(Scraped caption text data)
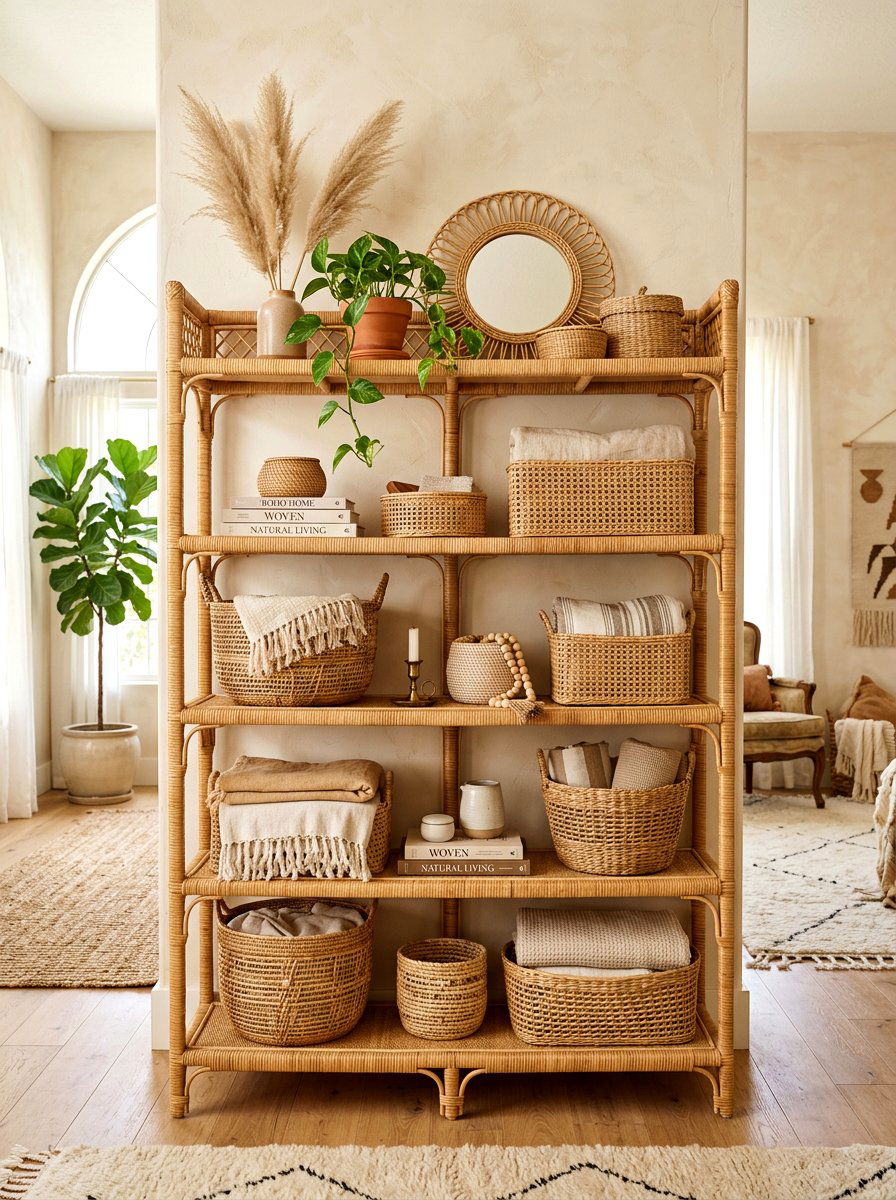 Rattan basket shelf - 30 summer shelf decor ideas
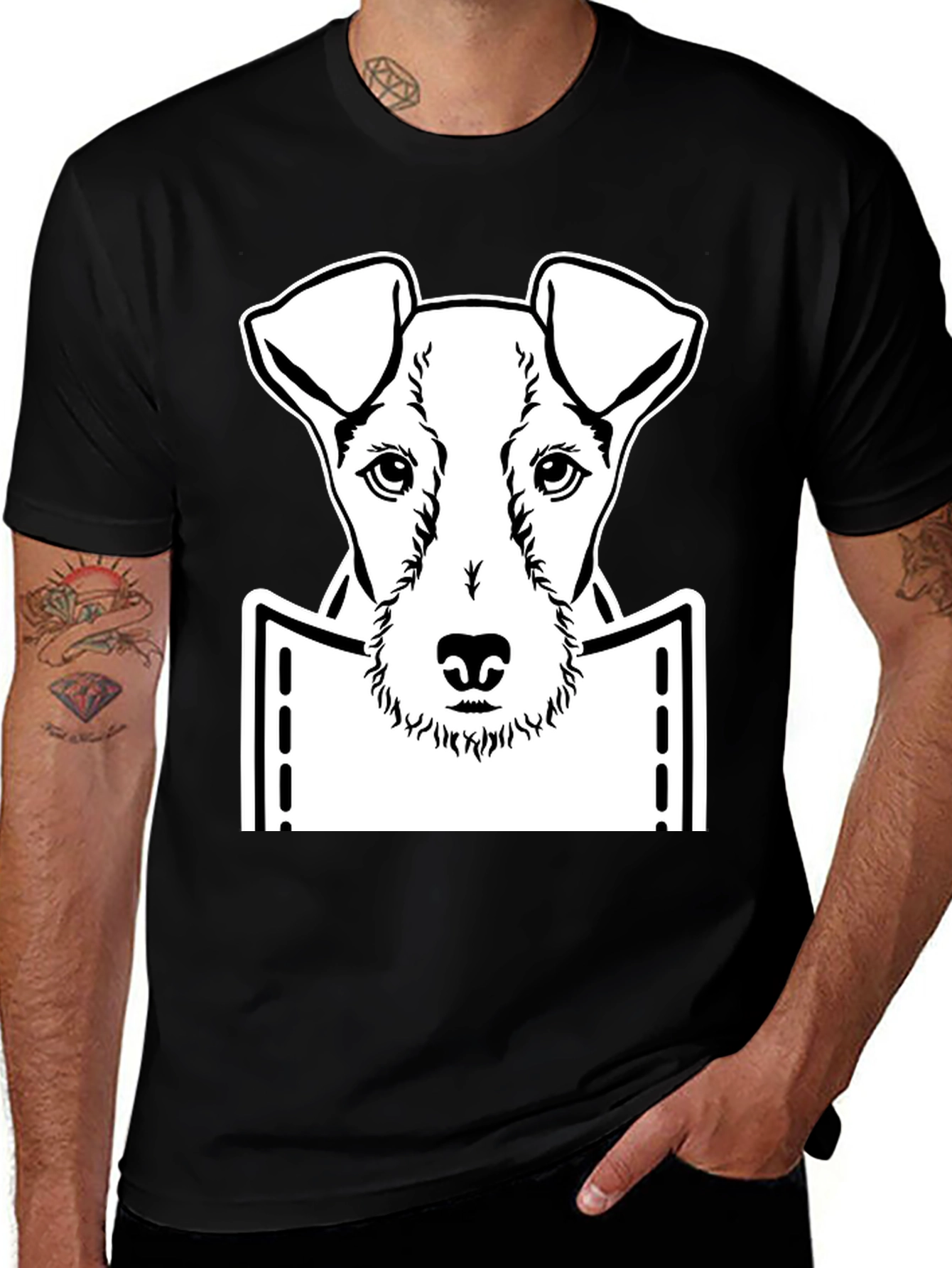Variant 30 of Dog in Pocket Graphic T-Shirt - Trendy Dog Lover Tee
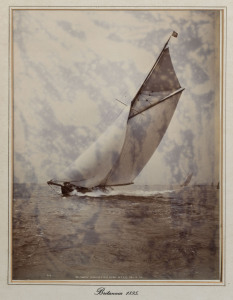 "BRITANNIA Winning First Place N.T.Y.C. May 17th '95", black and white photograph captioned on mount "Britannia 1895", framed 52 x 43cm overall. PROVENANCE: From the Isle of Wight Hotel, England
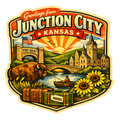 Greetings From Junction City Kansas – Retro Travel Sticker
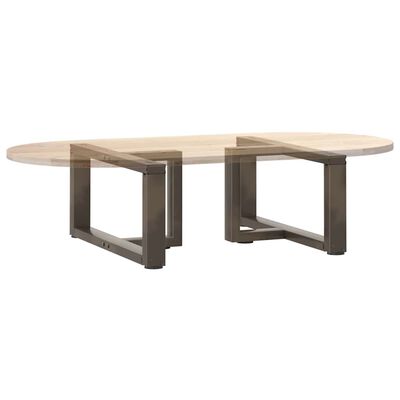 Oval wood tabletop over rectangular metal bases.
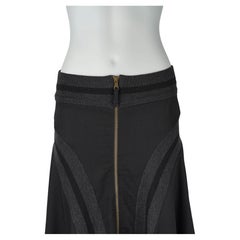 Jean Paul Gaultier Femme 1990s Black Wool Handkerchief Hem Skirt IT40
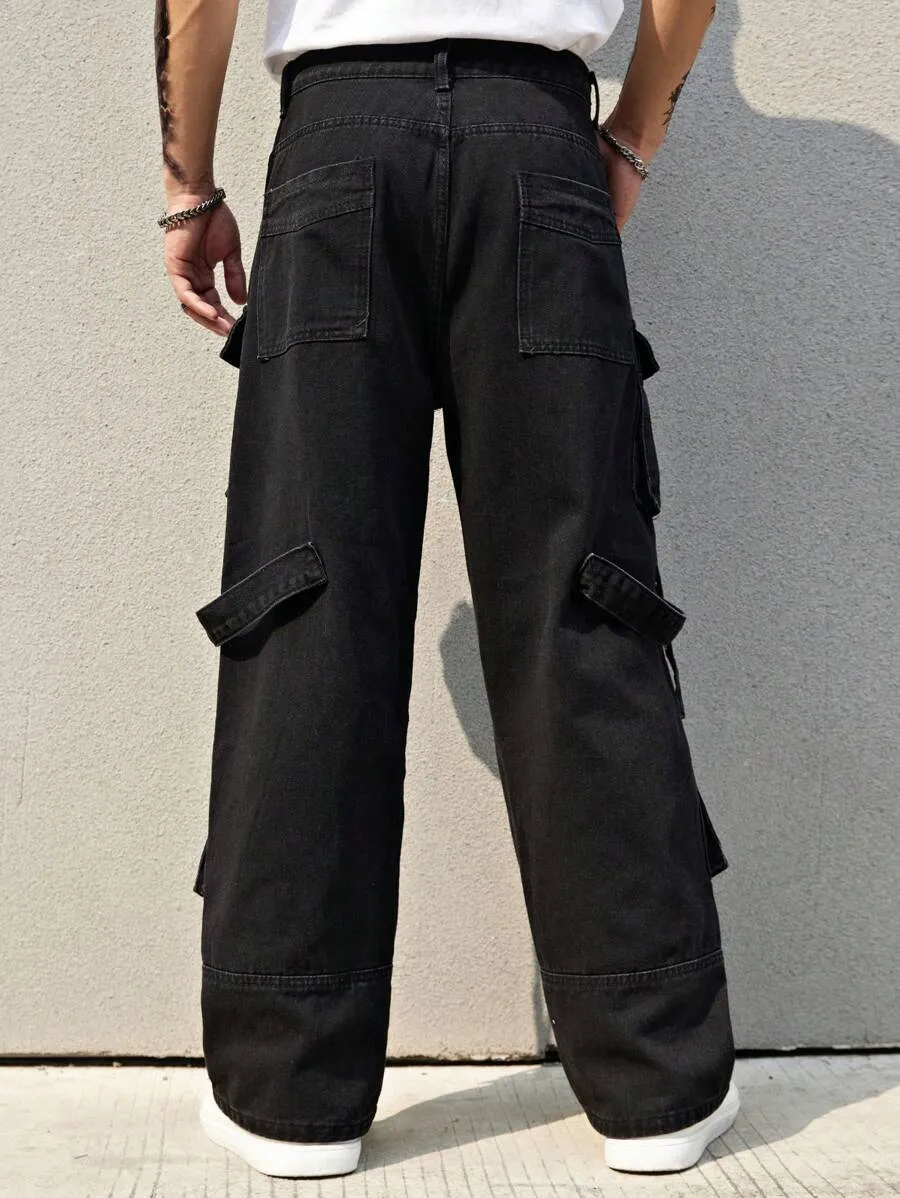 Black Side Pocket Baggy Jeans for Men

■ What is required: The copy starts at the line holding "Jean Paul Gaultier" and ends at the last line of the records above. Transcribe those lines exactly, pictures excluded.

■ Solution for this task:
 Jean Paul Gaultier Femme 1990s Black Wool Handkerchief Hem Skirt IT40
 Black Side Pocket Baggy Jeans for Men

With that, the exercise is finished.